[Stored records]
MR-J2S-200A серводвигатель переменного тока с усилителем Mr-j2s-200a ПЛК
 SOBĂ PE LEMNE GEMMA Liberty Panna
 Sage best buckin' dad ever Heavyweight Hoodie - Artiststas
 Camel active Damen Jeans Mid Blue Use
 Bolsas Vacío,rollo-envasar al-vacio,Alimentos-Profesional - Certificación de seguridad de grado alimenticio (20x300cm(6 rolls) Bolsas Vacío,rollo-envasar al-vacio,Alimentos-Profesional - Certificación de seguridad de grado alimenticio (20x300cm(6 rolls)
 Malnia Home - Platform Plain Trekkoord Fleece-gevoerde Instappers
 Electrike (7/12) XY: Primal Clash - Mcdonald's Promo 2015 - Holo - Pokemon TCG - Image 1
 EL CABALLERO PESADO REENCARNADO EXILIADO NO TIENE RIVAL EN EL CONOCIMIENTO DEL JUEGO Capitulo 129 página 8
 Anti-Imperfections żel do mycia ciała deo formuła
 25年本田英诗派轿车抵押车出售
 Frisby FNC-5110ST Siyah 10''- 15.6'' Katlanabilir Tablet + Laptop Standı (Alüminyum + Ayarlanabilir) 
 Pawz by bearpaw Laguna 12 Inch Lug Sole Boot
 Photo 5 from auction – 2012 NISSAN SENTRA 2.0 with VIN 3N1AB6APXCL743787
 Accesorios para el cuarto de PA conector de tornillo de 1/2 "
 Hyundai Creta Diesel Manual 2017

WORK ITEM:
Write down, word for word, the lines above from the one containing "Sage best buckin'" through the one containing "Photo 5 from", both ends included.

OUTPUT OF THE EXERCISE:
 Sage best buckin' dad ever Heavyweight Hoodie - Artiststas
 Camel active Damen Jeans Mid Blue Use
 Bolsas Vacío,rollo-envasar al-vacio,Alimentos-Profesional - Certificación de seguridad de grado alimenticio (20x300cm(6 rolls) Bolsas Vacío,rollo-envasar al-vacio,Alimentos-Profesional - Certificación de seguridad de grado alimenticio (20x300cm(6 rolls)
 Malnia Home - Platform Plain Trekkoord Fleece-gevoerde Instappers
 Electrike (7/12) XY: Primal Clash - Mcdonald's Promo 2015 - Holo - Pokemon TCG - Image 1
 EL CABALLERO PESADO REENCARNADO EXILIADO NO TIENE RIVAL EN EL CONOCIMIENTO DEL JUEGO Capitulo 129 página 8
 Anti-Imperfections żel do mycia ciała deo formuła
 25年本田英诗派轿车抵押车出售
 Frisby FNC-5110ST Siyah 10''- 15.6'' Katlanabilir Tablet + Laptop Standı (Alüminyum + Ayarlanabilir) 
 Pawz by bearpaw Laguna 12 Inch Lug Sole Boot
 Photo 5 from auction – 2012 NISSAN SENTRA 2.0 with VIN 3N1AB6APXCL743787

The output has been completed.